"Sungguh, Effendi. Dia mirip sekali dengan Calvin. Wajahnya, ekspresinya ketika menerima hasil diagnosis, sorot ketakutan di matanya saat kujelaskan prosedur kemoterapi...demi Allah, dia mengingatkanku pada Calvin."
Wajah Tuan Effendi berubah kusut. Diaduk-aduknya milk tea dengan gamang. Terbayang seraut wajah yang sangat tidak dia sukai belakangan ini. Wajah yang sering kali ia lihat keluar-masuk koridor ruang VIP.
"Jangan sentimen terus sama Pak Zaki...ups, maaf. Pak Assegaf maksudku. Kau kan bisa tanya beliau baik-baik." Dokter Tian pelan menyarankan.
"Tapi jangan berharap terlalu tinggi."
Berurusan dengan Zaki Assegaf? Seperti tak ada pilihan lain saja. Tuan Effendi tertawa hambar. Meneguk milk teanya banyak-banyak, lalu tersedak. Tepuka pelan Dokter Tian di punggungnya sedikit menyadarkan.
"Kenapa sih kamu nggak suka sama Pak Assegaf?"
"Entahlah, Tian. Aku juga tidak tahu kenapa bisa begitu padanya. Padahal dia baik...ah, aku tidak tahu."
Sang dokter penyuka puisi tertawa kecil. Mata hatinya menelusuri hal lain. Mungkinkah naluri kebapakan?
"Effendi, aku pernah kehilangan anak.
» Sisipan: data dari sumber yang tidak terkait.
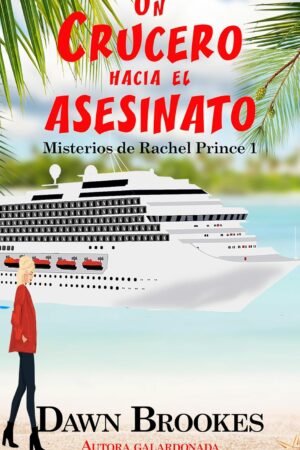 Un Crucero Hacia El Asesinato de Dawn Brookes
Rasanya sakit sekali. Al meninggal karena kanker, dan aku dihantui rasa bersalah sepanjang hidup karena tak bisa menolongnya. Aku janji akan membantumu mendapatkan anak keduamu lagi." kata Dokter Tian lembut.
"Oh, thank you Tian. Calvinku pasti akan senang."
"Hei, Calvinku juga. Sudah kuanggap Calvin seperti anakku sendiri. Jadi bagaimana, Effendi? Kau mau kubantu?"